Audio CD
Number of Discs: 1
Label: MASCOT RECORDS
ASIN: B0747PGLWG
22 September, 2017
Rating: *****
Once upon-a-time it would have seemed pretty inconceivable that the day would come when Black Country Communion would be releasing a fourth album. Yet here we are, BCCIV is with us and goodness me isn’t it a blessing that any reported differences have been set aside in order to create this a quite remarkable album.
The term ‘Supergroup’ may be frowned upon by some, but that’s exactly what Black Country Communion are with each individual bringing their own brand of excellence to the party and sprinkling every track with their own particular doses of super-sensuous fairy dust.
Collide is a raucous roustabout of an opener though, the delicious thumping rhythms grinding out a path for those cuts which follow in its wake. With Glenn Hughes’ voice and meticulous bass heroics, Jason Bonham’s kit work providing a relentless, faultless reverberating beat as Derek Sherinian’s keys juxtapose the out-and-out monolithic power of the track with some divine sensitivity, here is a crowd pleaser if ever there was one.
Joe Bonamassa might easily have sat tight on the delight that is The Last Song For My Resting Place – the album’s highlight by far – and kept it in reserve for his next solo outing. Not a bit of it. Recognising that its tone and fiddle based accoutrements are tailor made for the balance being striven for on this album, it is placed at #3 on the track list.
JBs voice has rarely sounded better, his playing nevermore assured. But it is the incorporated fiddle that raises the bar and keeps pushing, shoving and hauling the track to the very highest of heights.
If the album as a whole wobbles a bit it’s when the band veer towards the safer ground with tracks such as Wanderlust which sounds a little too Asia-like for comfort. It’s not that this is a bad track – it isn’t and would sit nicely on just about any rock album anywhere – but here it just doesn’t seem to quite fit amongst some of the contemporary gems surrounding it … and particularly at 8+ minutes in length.
The transcendent Love Remains is far from ‘safe’ though. A poignant ode to the fact that all that’s left once we are gone is love, whilst Awake contrastingly tracks the desire for us all to live for an eternity.
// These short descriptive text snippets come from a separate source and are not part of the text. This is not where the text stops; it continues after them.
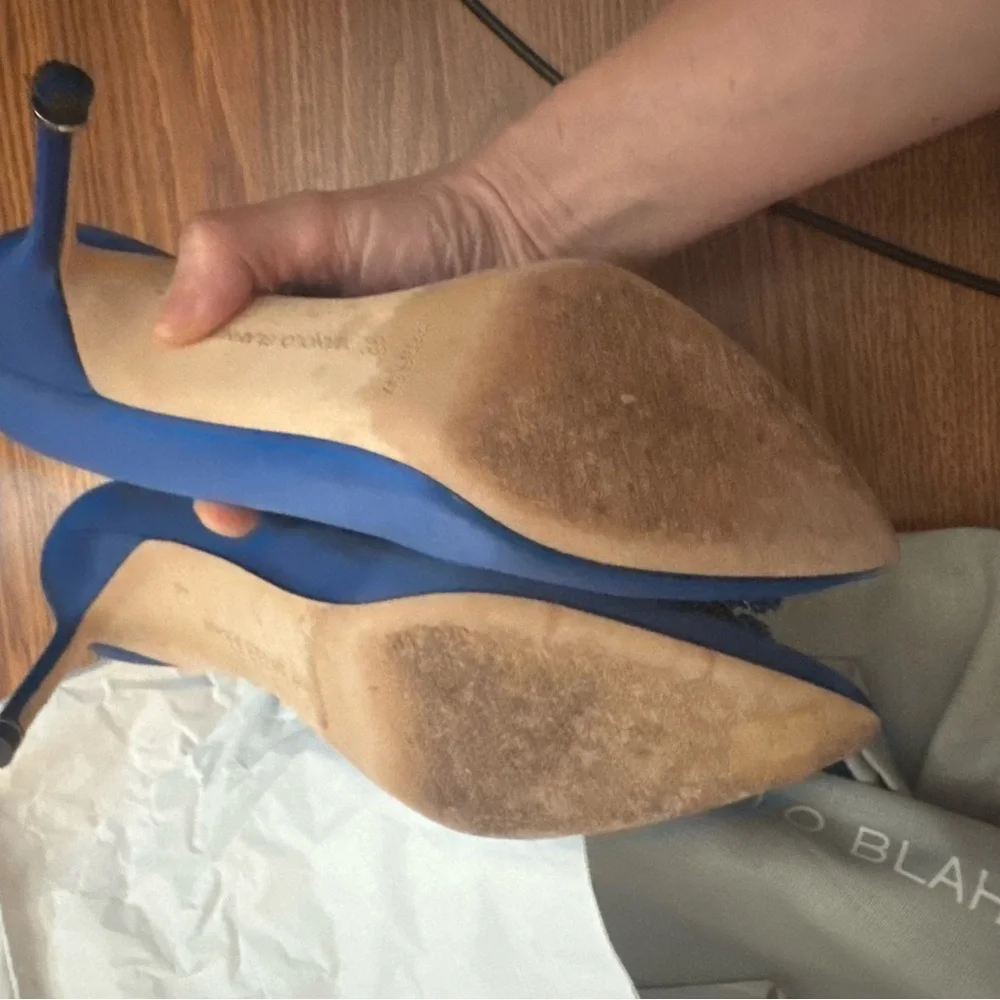 Manolo Blahnik Royal Blue Heels with Crystal Embellishments hangisi 70 - Picture 4 of 4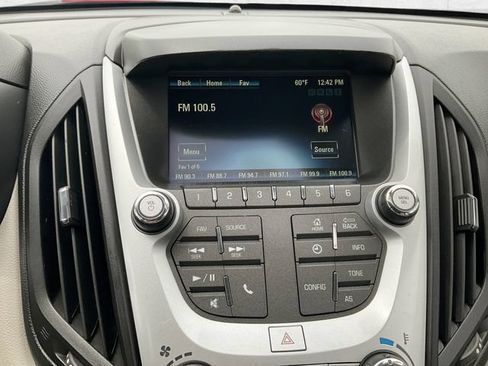 Used 2017 Chevrolet Equinox LS AWD/4WD image 14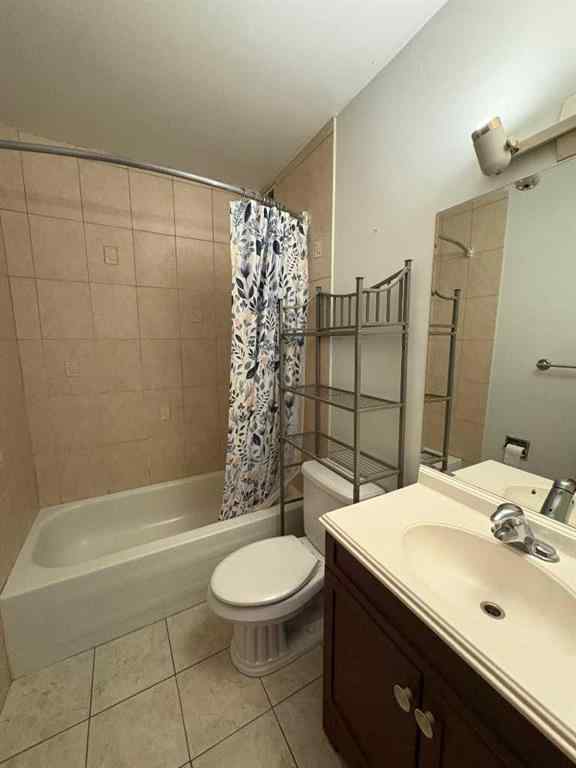 MLS® A2256420 - Unit #1-6 1608 38 Street SW in Rosscarrock Calgary, Multi-Family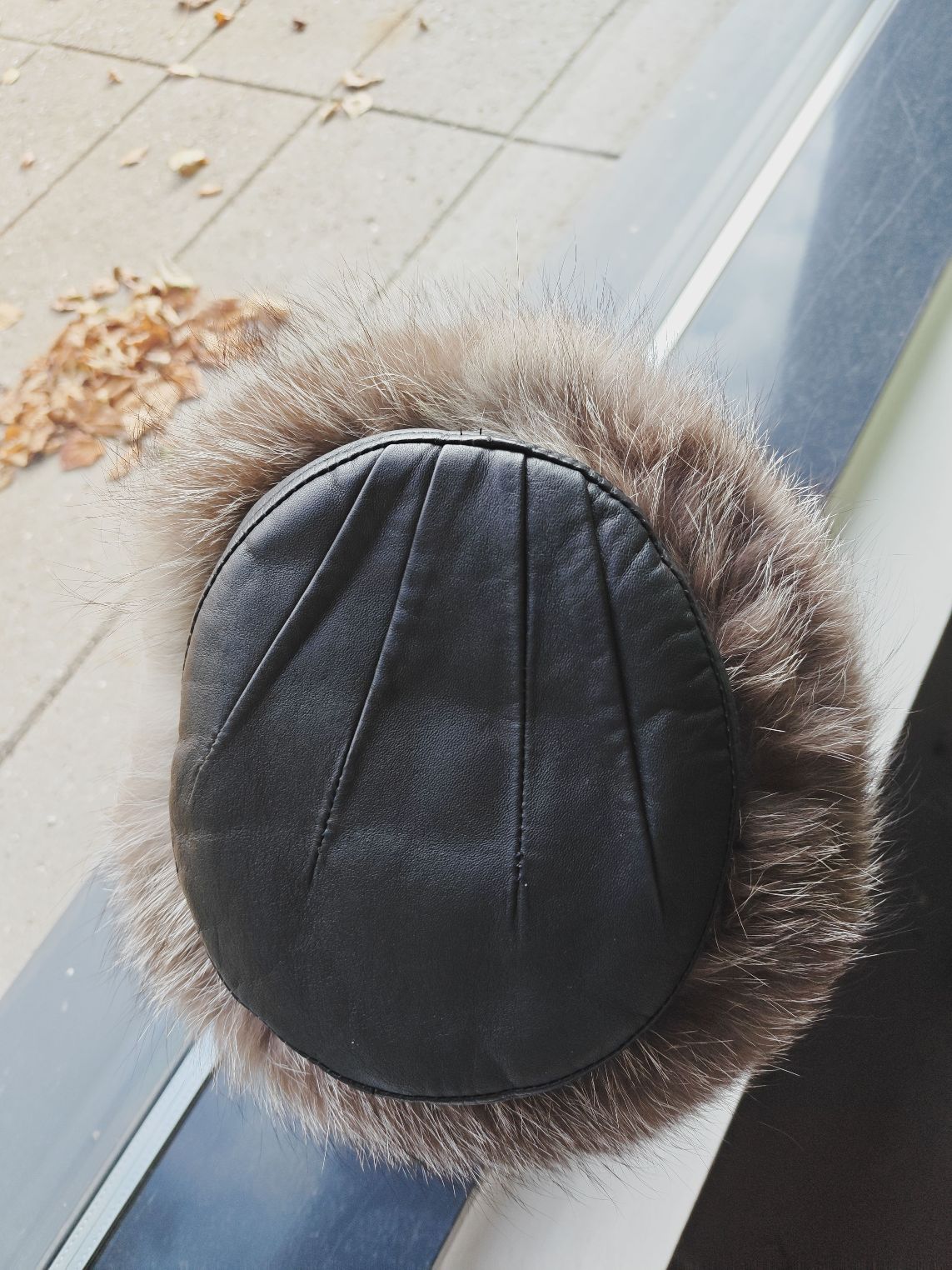 Hat, vaskebjørn og skind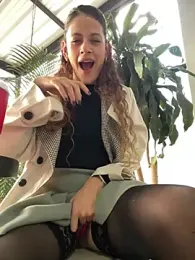 alana15 stripchat stream image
Each of these manages to pick out Sherinian’s special genius in providing a platform from which his cohorts can build towards a thunderous climax.
The mellow closeness that seeps from When The Morning Comes is an absolute treat. A driving song encouraging images of life’s highway to endlessly stretch out , perceptively underlining that camaraderie is everything. A Zep-esque joyride into the oblique and irrefutable, When The Morning Comes is furnished by some quite exquisite playing that gets the mind whirring from first bar to last.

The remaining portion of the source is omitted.